黒の外壁がレトロモダンな風情を漂わすS邸。平屋建てのコンパクトな住まいだが、尾堂産業が手がけているだけあって、自然素材をふんだんに用いた上質な住み心地が魅力だ。同社が提案しているのは、小さく建てて大きく暮らす家。それにプラスして、近年では『家事楽ハウス』という、家事動線や収納のアイデアを詰め込んだプランが注目を集めている。

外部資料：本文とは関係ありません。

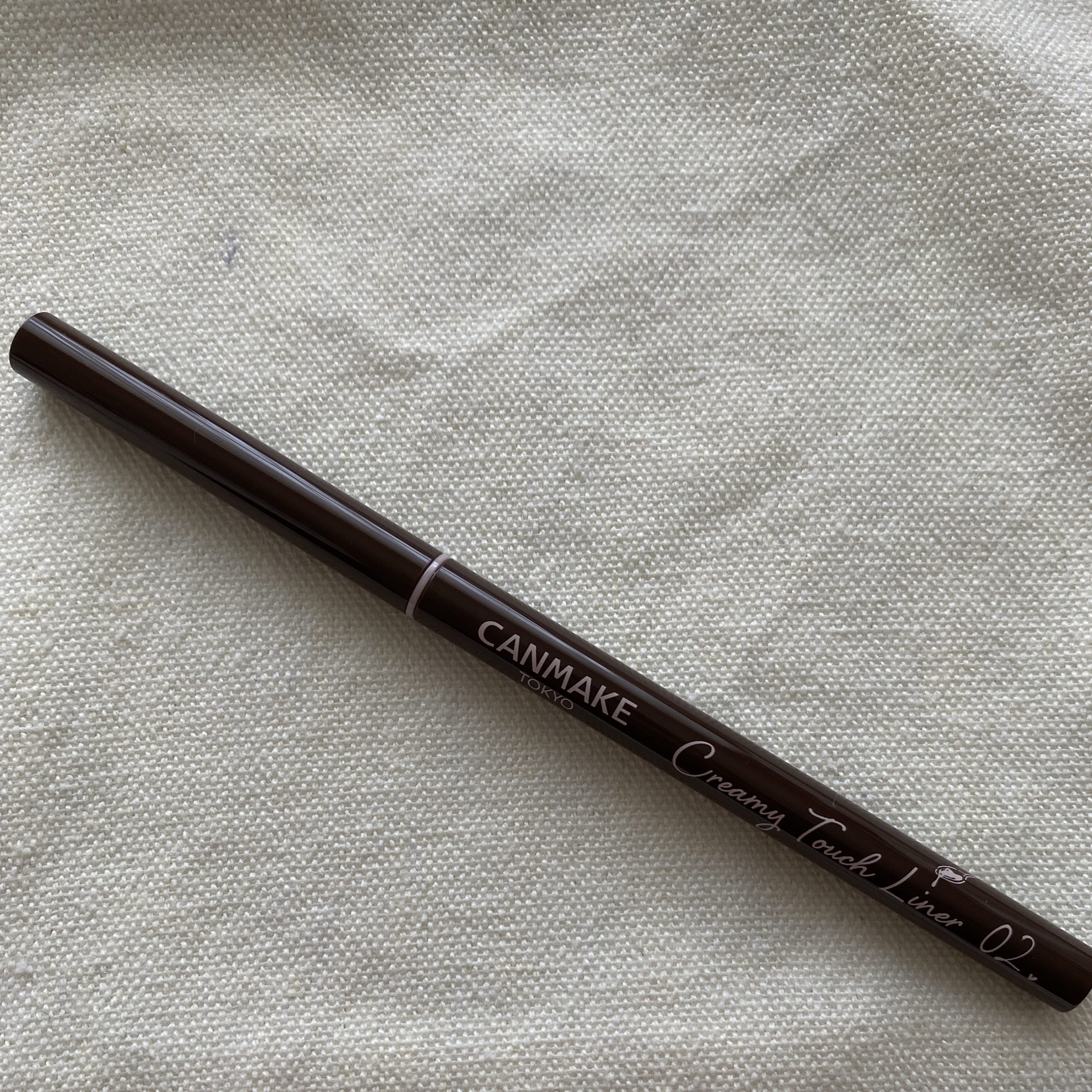 クリーミータッチライナー/キャンメイク/ジェルアイライナーを使ったクチコミ（1枚目）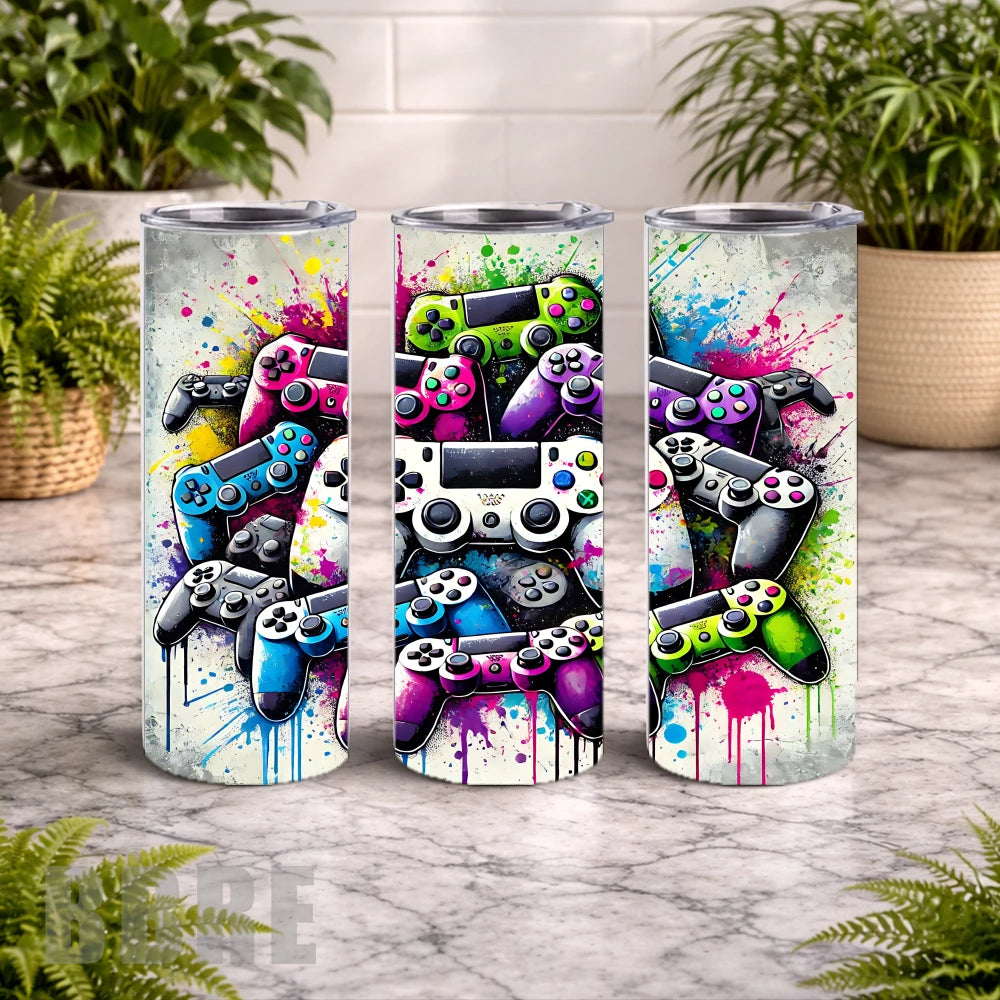 Colorful Controllers 2 15 OZ Straight Wrap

「小さな木の家を建てたい」と以前から考えていたSさん。本誌を見ていた時に、ピンとくる会社があった。それが尾堂産業。いてもたってもいられず、アポなしで事務所へ。「にもかかわらず、モデルハウスを見たい、と図々しいお願いをして」。そんなご夫婦を驚かせたのは、社長からの「では我が家へどうぞ」との返事。築10年ほど経つ家だが、室内に入ったとたん木の香りに包まれた。木の家のポテンシャルを体感したことが大きな決め手に。後日、理想的な広さである建坪24坪の物件を見学し、決意を固めた。
S邸は建坪26坪。すでに購入済みだった土地は決して狭くはない。あえて小さな家を希望したのは、子どもたちが独立した後の暮らしを想定してのこと。夫婦二人であれば、大きな空間がなくてもいい、と考えたのだ。そうした想いは、尾堂産業の家づくりにぴったりとリンクする。
ベースは、『家事楽ハウス』。そこにSさんのリクエストとして、「家相のよさ」が加えられた。実はこれにかなり苦労したのだそう。試行錯誤の末、なんと家相に一つも反することのない間取りが誕生。
そうなると使い勝手が悪くなるのでは、と心配になるが、家事動線も快適空間もオールクリア。とくに水回りはかえって便利になったそう。ダイニングとトイレの間に洗面台を独立させているのも家相からのアイデア。外に出したことで脱衣室にゆとりができ、ドライルームとしての活用が可能に。運も開けるかもしれない、うれしいプランとなった。これから家相を気にして建てる人は、ぜひS邸を参考に。
部屋数を必要最小限。その分、みんなが集まるリビングダイニングにスペースを割いた。勾配天井から小屋裏も含めた構造までもが空間の一部。温かみのある木の質感や表情は、まるで森の中にいるような心地よさを与えてくれる。浮づくり加工された床材の肌触りは、思わず寝転がりたくなるほどだ。
小屋裏は収納として設けたが、荷物だけではもったいないと、家族がくつろぐスペースをつくる予定。「以前、娘と一緒にここでお茶とお菓子を食べたことがあって。するとこの間、一人で小屋裏に座っておやつを食べていたんです」。どうやら、お気に入りの場所の一つに決めたらしい。
キッチン裏にあるクローゼットでの一括収納やくるりと一筆書きができる動線が、暮らしやすさをサポート。間仕切り戸は開放を常態としているため、取材日も娘さんがぐるぐると元気に走り回る姿を目撃。これだけ楽しんでもらえたら、家もさぞかし喜んでいるに違いない。